As we said in the introduction report, the Sonet is certainly a head-turner. And it continues to grab second glances, thanks to its aggressive styling rounded off in a well-proportioned package. So, buyers who want attention for their cars would surely love the Sonet.
Behind the wheel, the Sonet is comfortable to drive around in the city. Owing to its compact dimensions and light controls, maneuvering it around town is a breeze. It also helps when you have to park it in tight spaces. Not surprising then, the Sonet’s light controls don’t tire you out even after a whole day of driving.
Moreover, driving it in bumper-to-bumper traffic is also an easy affair. We faced some horrible traffic jams and the Sonet’s smooth-shifting gear lever along with a light and progressive clutch pedal kept our stress at bay. As for the ride, it’s well balanced and the Sonet managed to absorb our monsoon-ravaged roads with good composure.
Coming to the engine, there’s ample low and mid-range grunt available from the 1.5-litre oil burner. So, while pottering around the city speed, you don’t have to continuously keep working through the gears to keep the momentum going.
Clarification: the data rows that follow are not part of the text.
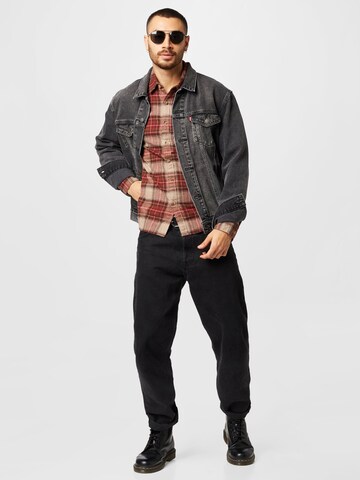 Abercrombie & Fitch - Regular Fit Camisa em vermelho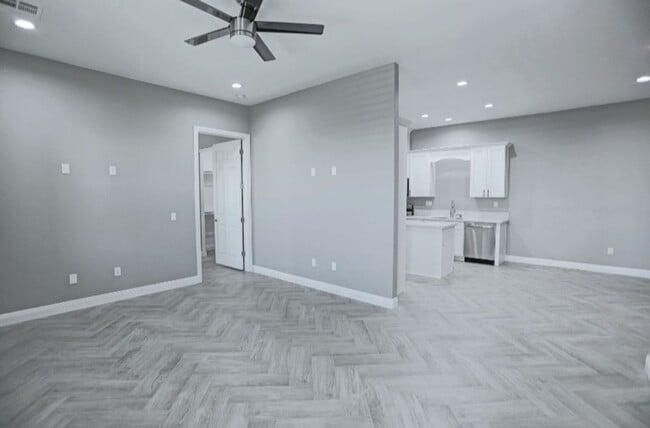 Building Photo - CALVADA VALLEY U3 - Galaxy Street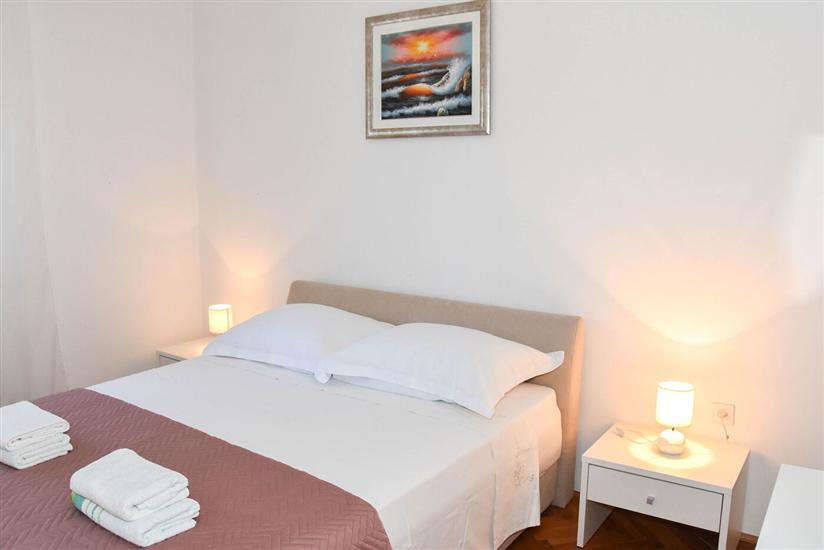 Apartment A1, for 6 persons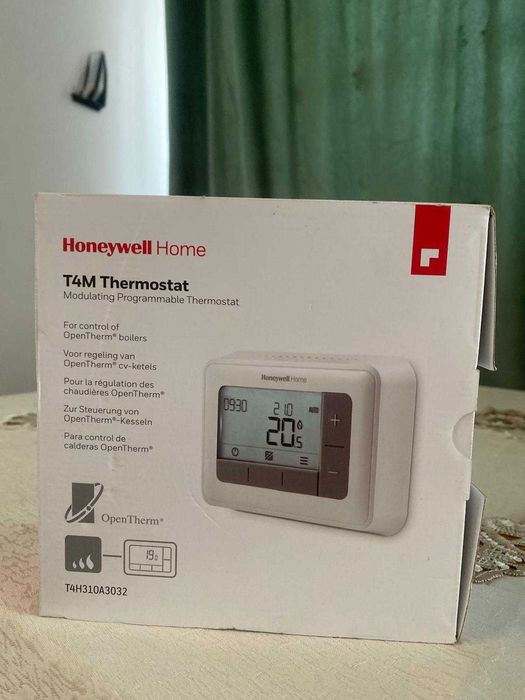 Termostat digital T4M Honeywell, alb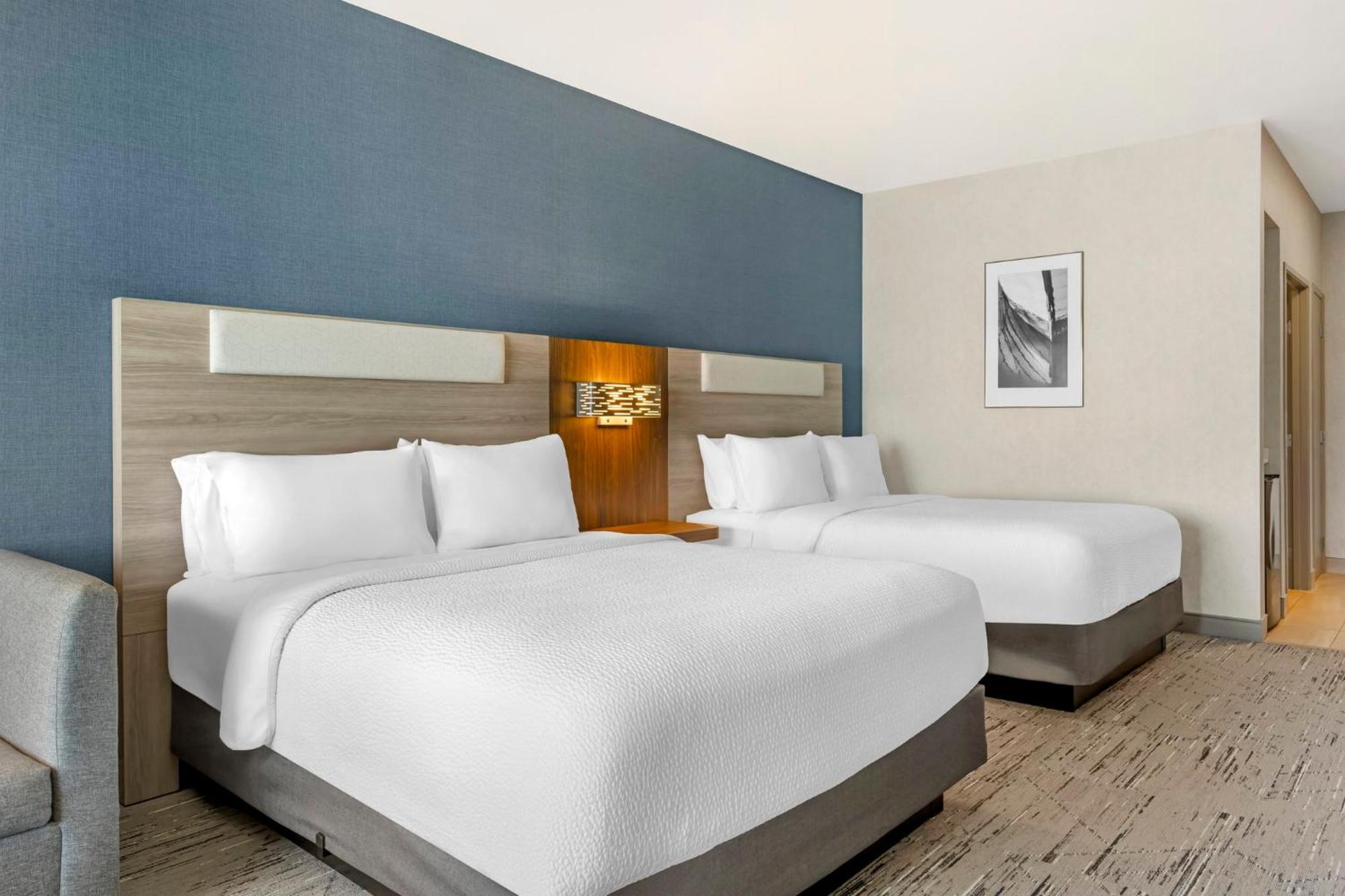 Double Room with Two Double Beds - Hearing Accessible/Non-Smoking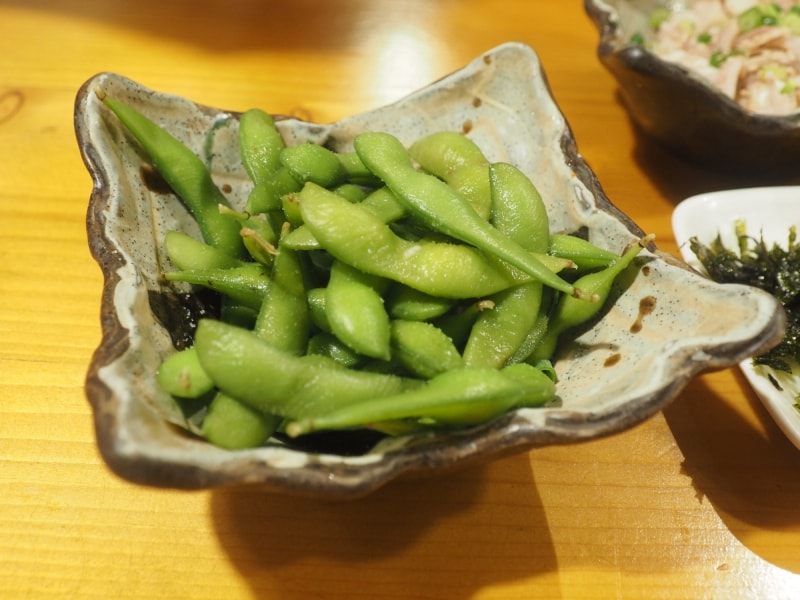 枝豆も塩がきいていて美味しかった。2人分の前菜としては十分な量だ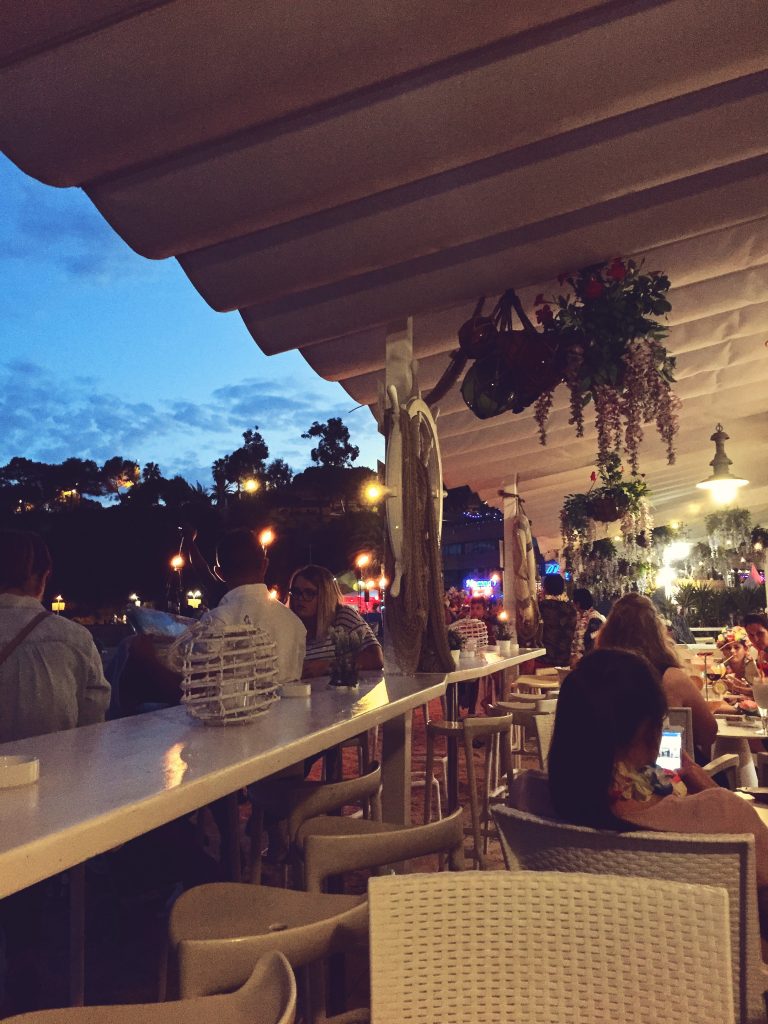 Bar przy plaży w Lloret de Mar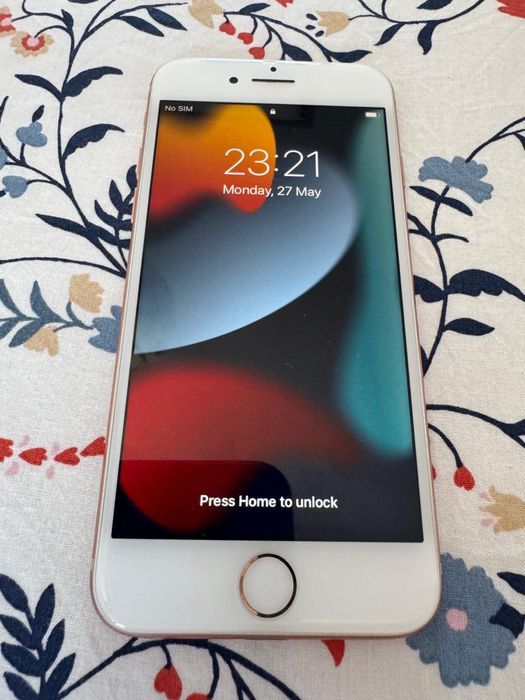 Iphone 8 pentrh  piese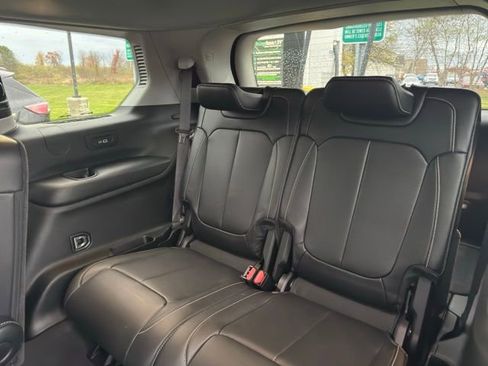 Used 2022 Jeep Grand Cherokee L Limited image 16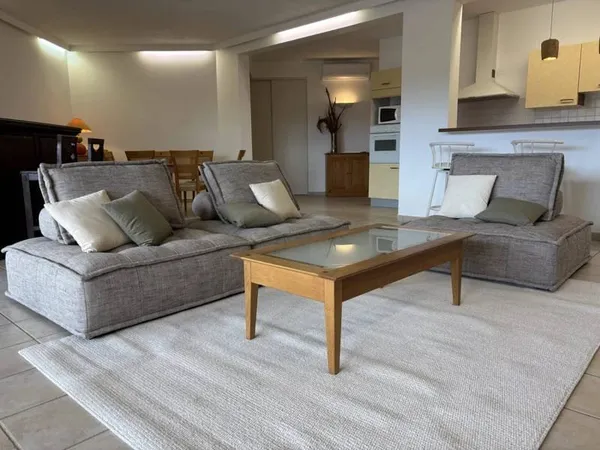 Appartement 4 pièces 122 m²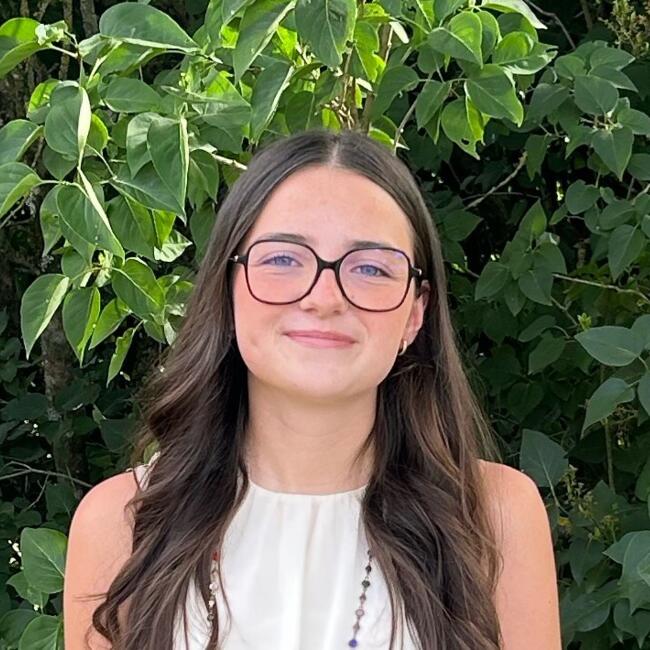Babysitter in Arçay (Centre-Val de Loire): Camille
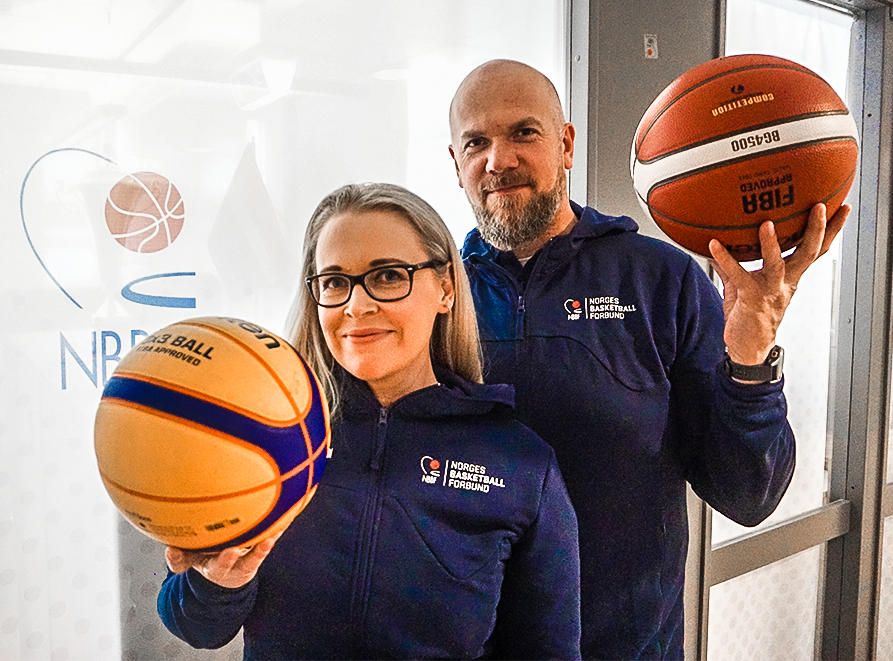 Julie Løw Sandtorv og Marius Holmgren er nyansatte i Norges Basketballforbund og skal arbeide med å skaffe avtaler både for landslag, ligaer, bredde og andre arenaer i forbundet.
FOTO: ARILD SANDVEN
What’s more, this is a frugal motor too as it managed to return an impressive figure of 16.28kmpl in our city fuel efficiency test. This means it is also easy on pockets, reducing our trips to the fuel station.
In terms of ergonomics and practicality, the Sonet manages to impress too. All the buttons, controls, and the touchscreen are easy to reach and operate, even while driving. Then there are some feel-good features. This includes cooled seats for both front passengers which turned out to be a blessing in the October heat.
Then you have the fancy ambient lighting that changes colours with respect to the music. They do get you some bragging rights amongst oblivious passengers. We also loved the touchscreen not only because it’s smooth and fluidic to touch, but is also easy to use and has a host of usable information.